Être instit’ à notre époque n’est pas chose facile ; les gouvernements passent et les réformes trépassent. Or, malgré vents et marées, la pédagogie reste immuable. Il y a deux siècles, Éloy Perret, comme ses semblables, avait bien d’autres soucis.
Eloy Perret prit l’habitude de se lever à six heures et demie. Il mangeait copieusement, faisait quelque toilette dans le baquet. Puis il s’habillait ; ses vêtements sombres, à peine rehaussés par la couleur blanche du rabat de la casaque, faisaient de lui un personnage important. Un chapeau de feutre noir couvrait ses longs cheveux. Il restait couvert pendant la classe, sauf au moment où les enfants récitaient leurs prières. Sans être beau, il avait de l’allure dans son costume ; les jeunes mères le regardaient avec empressement quand elles venaient à l’école. Il savait l’intérêt qu’il pouvait dégager, mais il se gardait bien de déroger aux règles imposées par son travail. Une occasion s’était présentée à lui pendant son internat à Saint-Quentin, un dimanche après-midi. Une fois seul avec la dame, les odeurs lourdes de parfum, masquant la crasse, son allure maigrelette l’avaient dégoutté. Il s’était enfui sous les sarcasmes et les hurlements. Il savait, bien sûr, que toutes les femmes n’avaient pas toutes, cette vulgarité. Mais cela faisait une raison supplémentaire pour se garder à sa promise.

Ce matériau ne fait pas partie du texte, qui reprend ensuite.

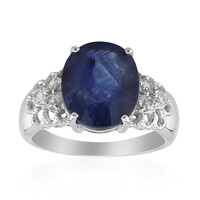 Bague en argent et Saphir bleu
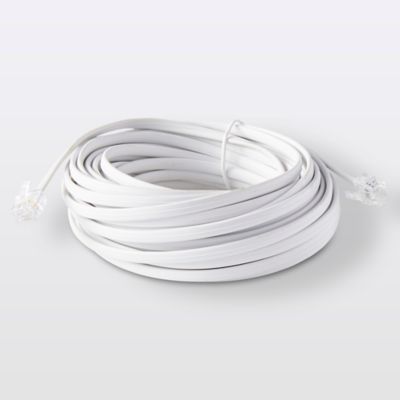 Câble RJ11 Mâle / Mâle blanc Blyss, 10 m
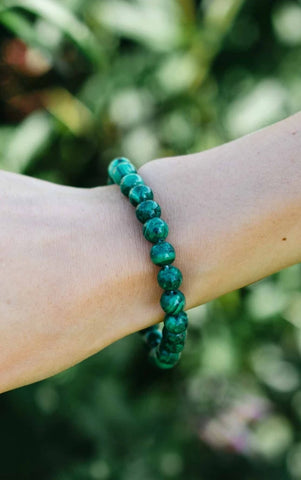 Bracelet Chakra du Coeur en Malachite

Il allait ensuite dans sa classe porter le bois destiné au chauffage et allumait le poêle. Il aimait ce moment ; tout était silence, hormis le crépitement du feu. Une odeur agréable se répandait dans la classe. Les jours rallongeaient. Les soucis d’économie allaient bientôt faire disparaître cette douce senteur de feu de bois.

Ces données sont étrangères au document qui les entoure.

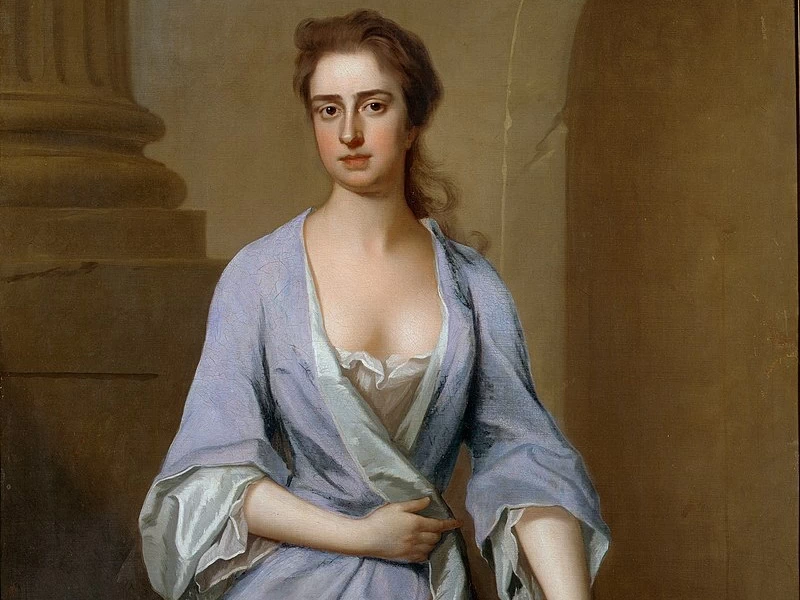 1659-Michael Dahl - Ritratto di una signora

Dès que le feu avait pris son rythme normal, il se mettait au travail. Il prenait grand soin à la correction des devoirs, préparait les leçons de la journée.
Quelques minutes avant neuf heures, il entendait les enfants arriver et se grouper devant la porte. Il ne voulait pas les faire entrer au compte-gouttes. Dès qu’ils formaient un petit groupe, il sortait, discutait avec eux du temps et autres sujets insignifiants. Il aimait les entendre s’exprimer en dehors de l’école ; les petits avaient beaucoup de choses à dire. Puis, le nombre des enfants grandissait ; il était temps d’entrer dans la classe. Là, les visages se décrispaient sous l’effet de la chaleur. Les élèves n’étaient pas toujours présents ; certains étaient malades, d’autres gardaient les petits frère et sœur, d’autres encore aidaient leurs parents à quelque tâche laborieuse.

Eloy avait tenu dès le début, à être prévenu de ces manquements par les parents. Il comprenait très bien tous ces imprévus, mais attachait de l’importance au respect des engagements donnés.
Les enfants, une fois leur cape ôtée, se mettaient à genoux et récitaient leur prière. Eloy remarquait que certains n’étaient pas très recueillis, mais leur manque de piété correspondait souvent à l’état de libre penseur des parents. Il essayait du mieux possible de leur inculquer les principes chrétiens.
La journée commençait.
Il n’était pas dans les intentions d’Eloy de brûler les étapes, aussi, au vu des résultats passés, il avait préféré revenir sur les choses déjà vues et mal assimilées. Le matin était réservé à l’arithmétique. Les petits apportaient des petits bâtonnets, ou objets divers pour apprendre à compter ; tout était bon pour l’apprentissage, pourvu que le chiffre abstrait soit matérialisé. Les additions n’étaient pas écrites, tant que les résultats n’étaient pas sus.
— Ainsi, vous écrivez ce que votre esprit a compris. Il est inutile d’écrire ce qui n’a pas été entendu. Et l’écriture des posites (vieux mot pour désigner le nombre), doit se faire en plaçant les chiffres l’un au-dessous de l’autre. Puis on tire le trait pour inscrire le résultat dessous.
Pendant ce temps, les grands faisaient des devoirs par écrit sur des questions données la veille.
Les exercices terminés, Eloy laissait les petits à leur écriture et initiaient les aînés aux multiplications ou partitions de valeurs monétaires.
— Il est très important de se rappeler que l’on doit convertir les livres en sols ou en deniers, avant d’effectuer l’opération.
Quelques-uns uns passaient à la grande ardoise, afin de montrer leurs capacités. Là, en cas d’erreur répétée, Eloy sortait la férule (petite palette de bois ou de cuir avec laquelle on frappait la main des écolier en faute) et l’appliquait. Il tenait à cet instrument de punition, afin de marquer le fautif. Par contre, il refusait de se servir du fouet, de la verge ou du chevalet, qui lui semblaient trop douloureux et archaïques.